REPO_ID = "username/my-model"
TOKEN = "your_token"
HEADERS = {"Authorization": f"Bearer {TOKEN}"}
def upload_large_file_multipart(file_path, repo_path):
"""Upload large file using LFS multipart protocol"""
# Calculate SHA256
print(f"Calculating SHA256 for {file_path}...")
sha256_hash = hashlib.sha256()
file_size = 0
with open(file_path, "rb") as f:
while chunk := f.read(8192):
sha256_hash.update(chunk)
file_size += len(chunk)
sha256 = sha256_hash.hexdigest()
print(f"SHA256: {sha256}, Size: {file_size:,} bytes")
# Step 1: LFS batch request
print("Requesting LFS batch upload URLs...")
batch_resp = requests.post(
f"{API_BASE}/{REPO_ID}.git/info/lfs/objects/batch",
json={
"operation": "upload",
"transfers": ["basic"],
"objects": [{"oid": sha256, "size": file_size}],
"hash_algo": "sha256"
},
headers=HEADERS
).json()
obj = batch_resp["objects"][0]
# Check if file already exists
if "actions" not in obj:
print("File already exists in LFS storage (deduplication)")
return {"oid": sha256, "size": file_size, "path": repo_path}
upload_action = obj["actions"]["upload"]
verify_action = obj["actions"]["verify"]
# Check if multipart
if "header" in upload_action and "chunk_size" in upload_action["header"]:
# Multipart upload
header = upload_action["header"]
chunk_size = int(header["chunk_size"])
upload_id = header["upload_id"]
print(f"Multipart upload: chunk_size={chunk_size:,} bytes")
# Calculate number of parts
num_parts = math.ceil(file_size / chunk_size)
print(f"Uploading {num_parts} parts in parallel...")
# Upload parts in parallel
parts = []
def upload_part(part_number):
"""Upload a single part"""
part_url = header[str(part_number)]
# Read chunk
with open(file_path, "rb") as f:
f.seek((part_number - 1) * chunk_size)
chunk = f.read(chunk_size)
# Upload
resp = requests.put(part_url, data=chunk)
resp.raise_for_status()
# Extract ETag (remove quotes if present)
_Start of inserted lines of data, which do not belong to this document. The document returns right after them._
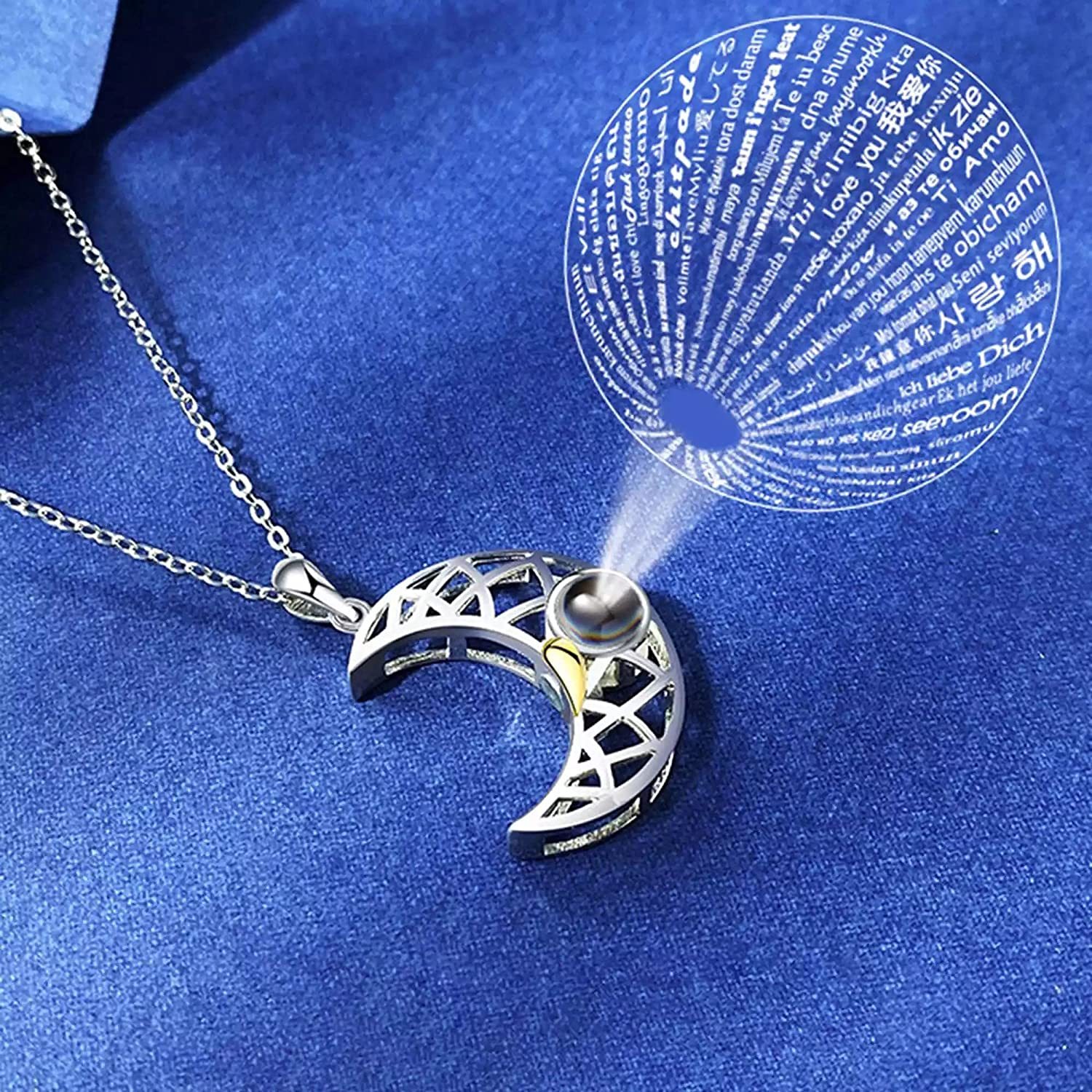 Mother's Day Gift SHIPS 24-HOURS Magnetic Couple Diamond "I Love You" in 100 Languages-2 Necklaces set-Engravingift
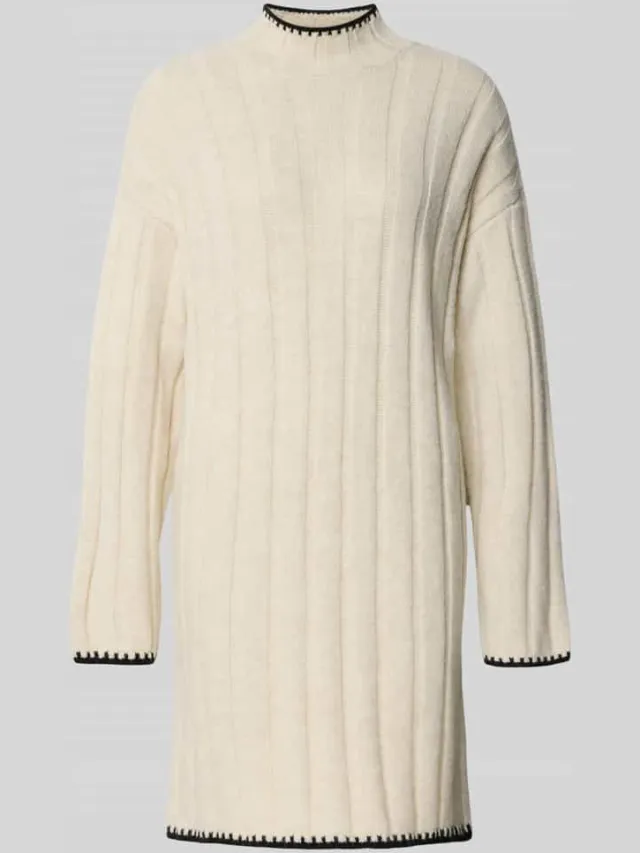 Only Comfort fit gebreide jurk met contrastdetails, model 'CHICK' Offwhite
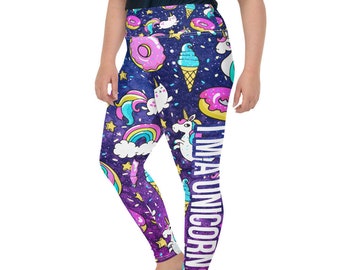 I'm Not Weird, I'm a Unicorn Leggings Plus Size | Designer Leggings | Handmade Leggings | LGBTQ+ Leggings | Rainbow Leggings | Cat Leggings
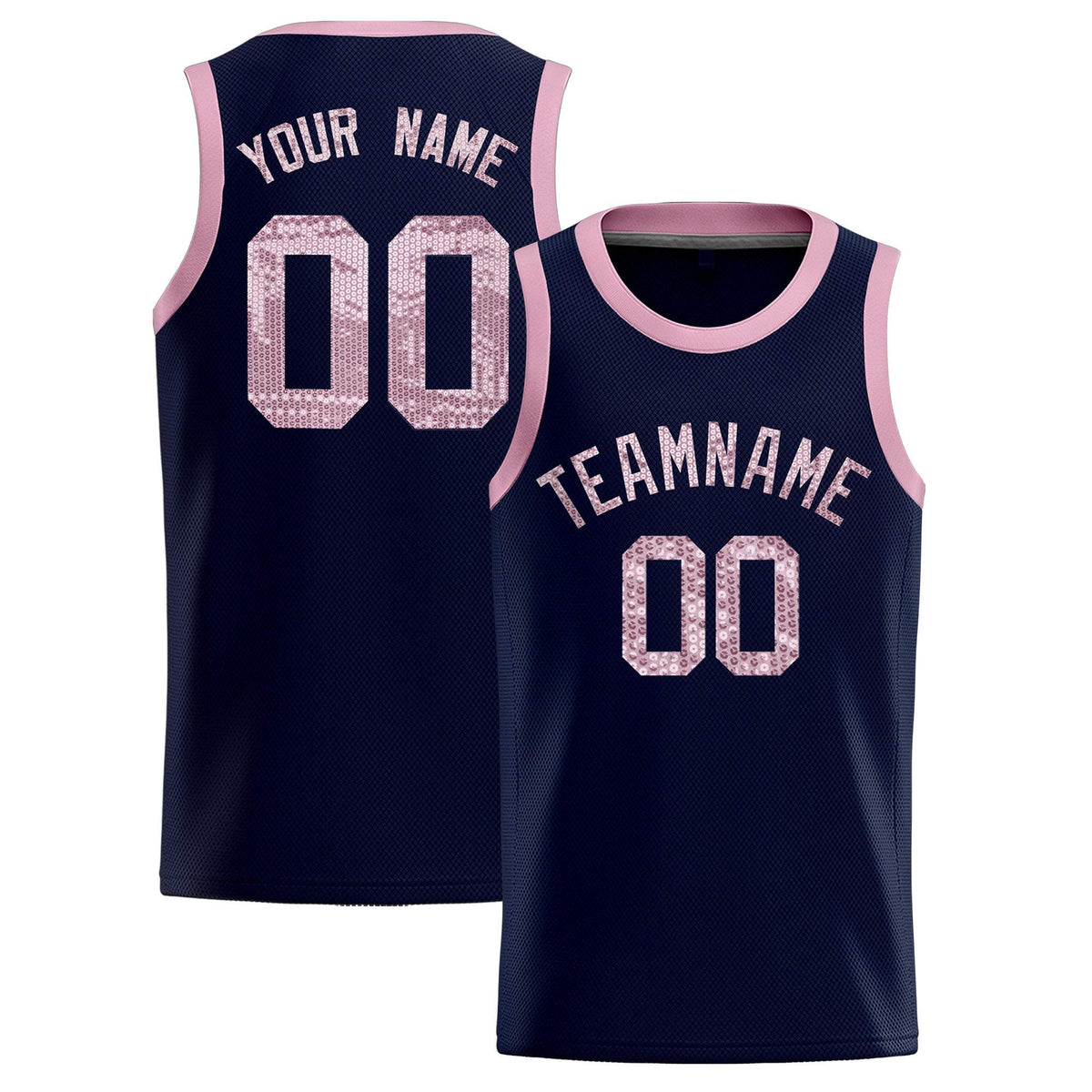 Custom Navy Sequined Tops Athletic Basketball Jersey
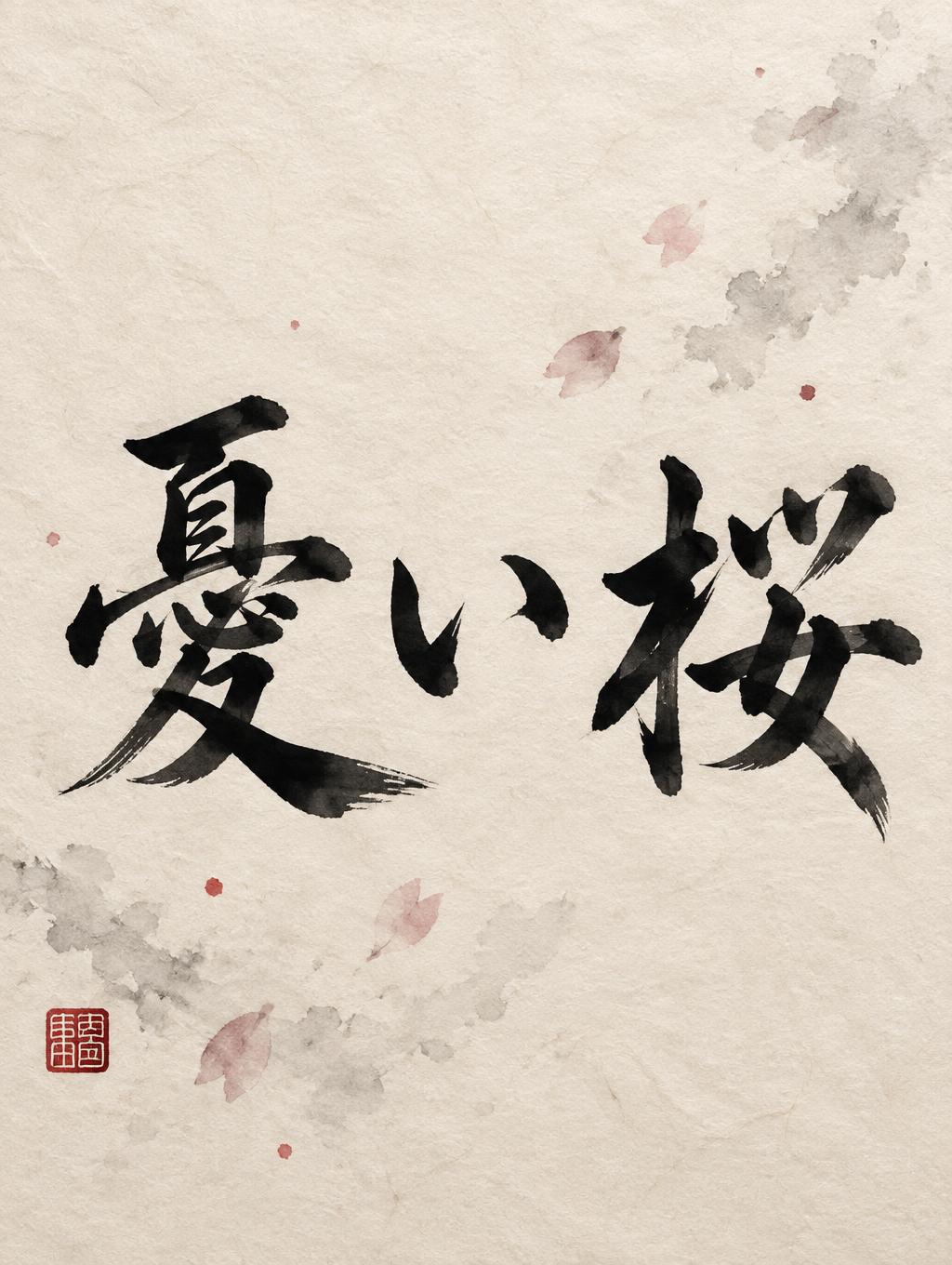 "憂い桜" — Brush Japanese Ink | AI Text Effect Generator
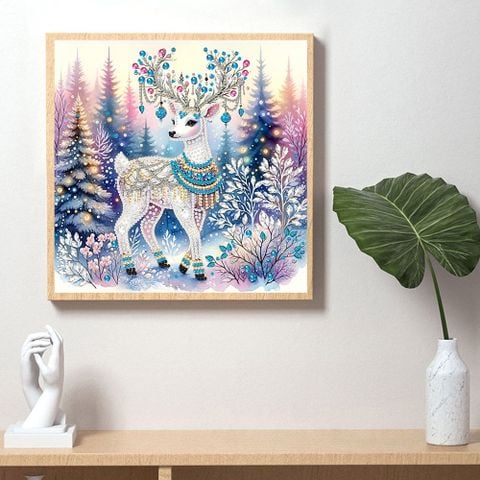 Tranh đính đá 5D Tuần Lộc Tuyết – Nghệ thuật mùa đông lấp lánh, kích thước 30x30cm, trang trí và quà tặng sang trọng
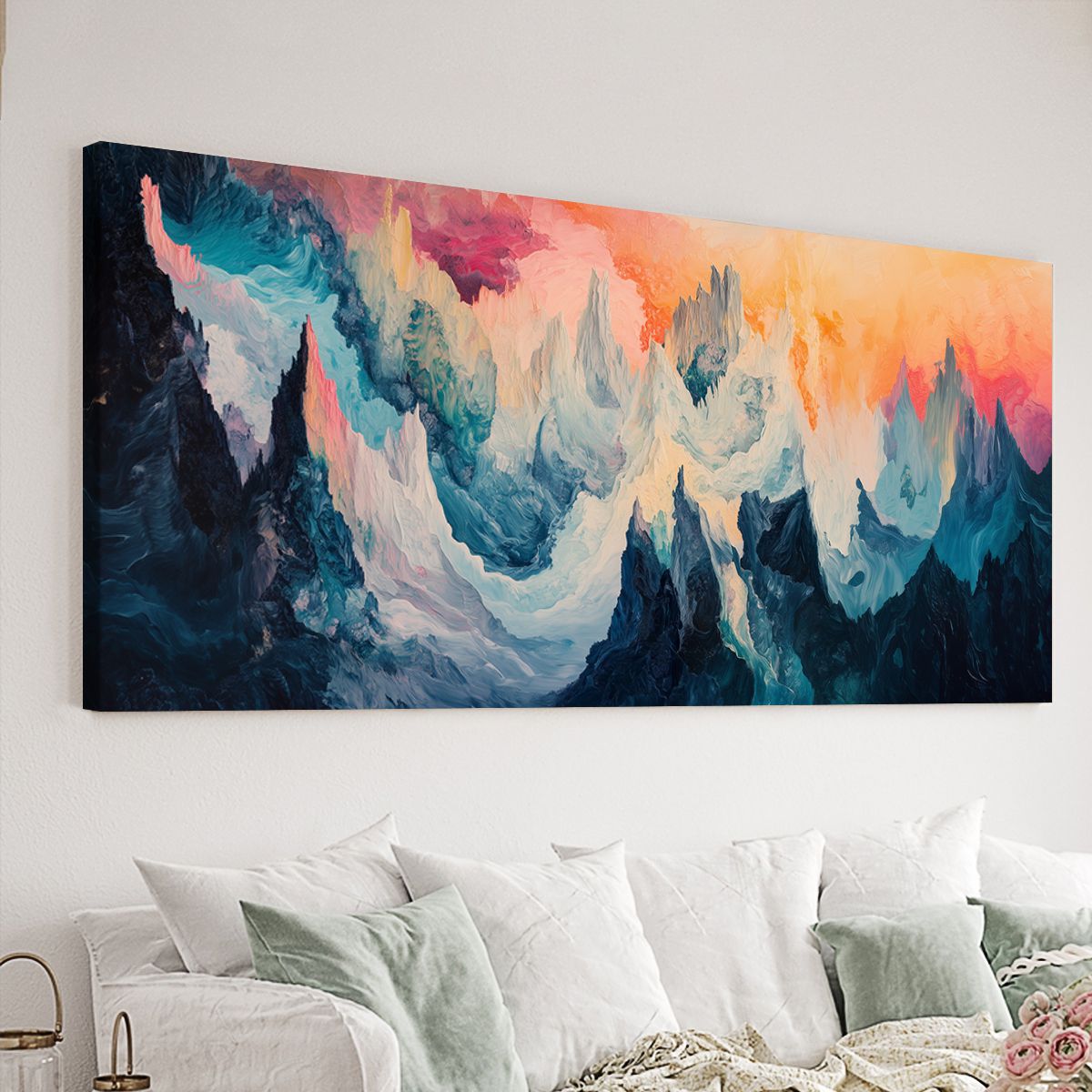Celestial Peaks Landscape Abstract Canvas Wall Art for Living Room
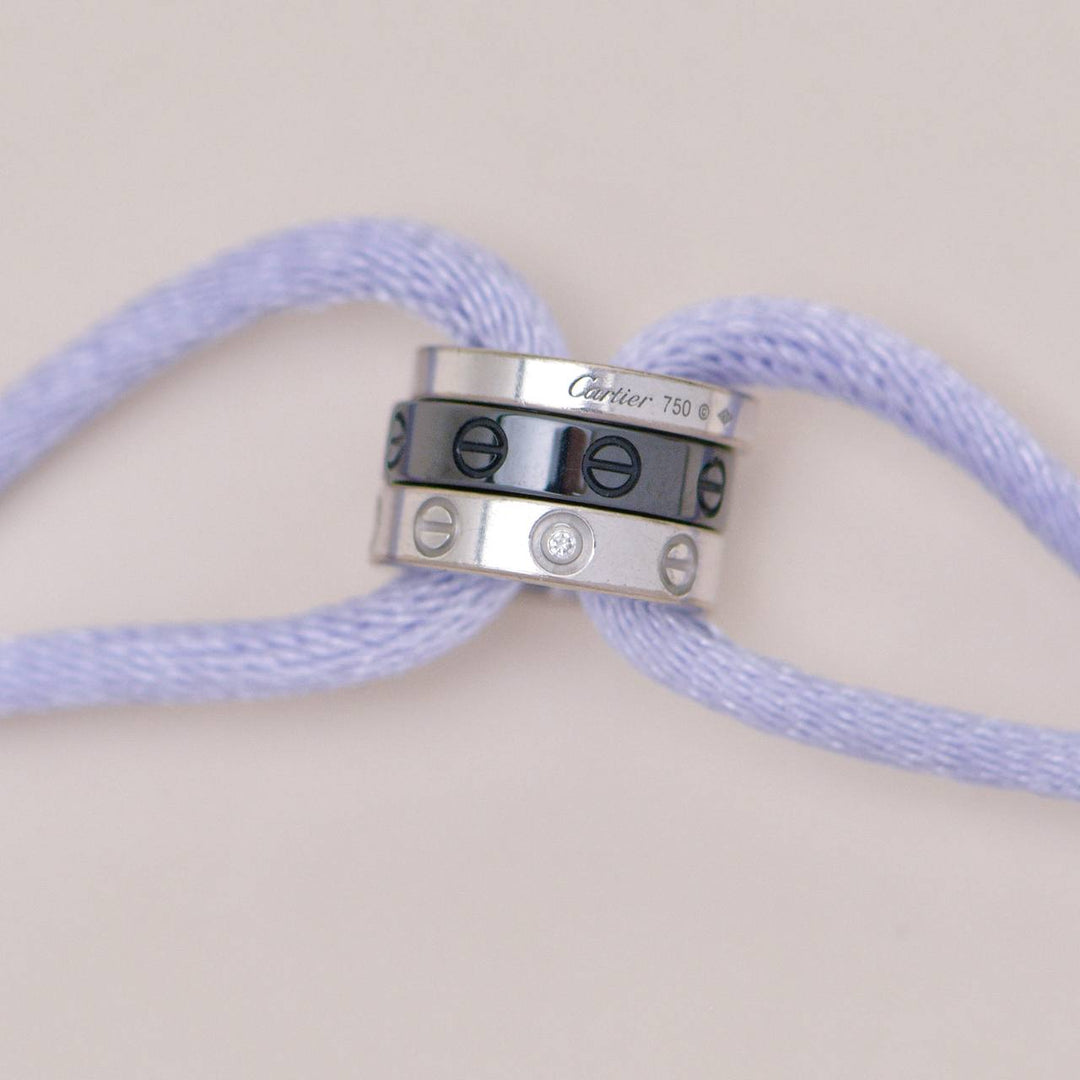 Preowned Cartier Love Cord Bracelet Diamond Black Ceramic 18K White Gold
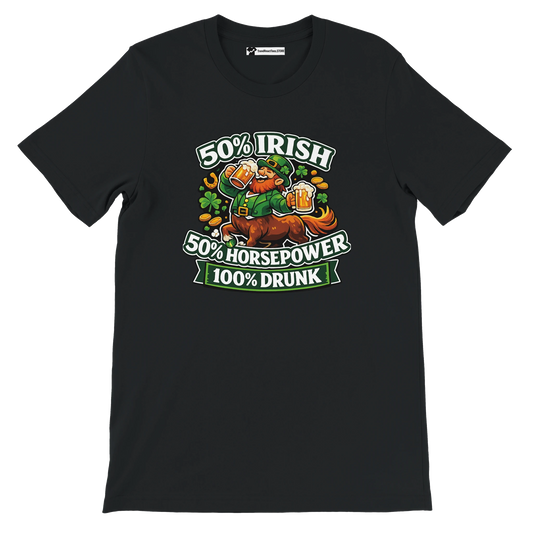 Black St. Patrick's Day tee with leprechaun on horse, beer, shamrocks, 50% Irish 50% Horsepower 100% Drunk graphic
etag = resp.headers["ETag"].strip('"')
print(f" Part {part_number}/{num_parts} uploaded (ETag: {etag[:8]}...)")
return {"PartNumber": part_number, "ETag": etag}
# Upload parts concurrently (max 10 parallel)
with ThreadPoolExecutor(max_workers=10) as executor:
futures = [executor.submit(upload_part, i) for i in range(1, num_parts + 1)]
for future in as_completed(futures):
parts.append(future.result())
# Sort parts by part number
parts.sort(key=lambda p: p["PartNumber"])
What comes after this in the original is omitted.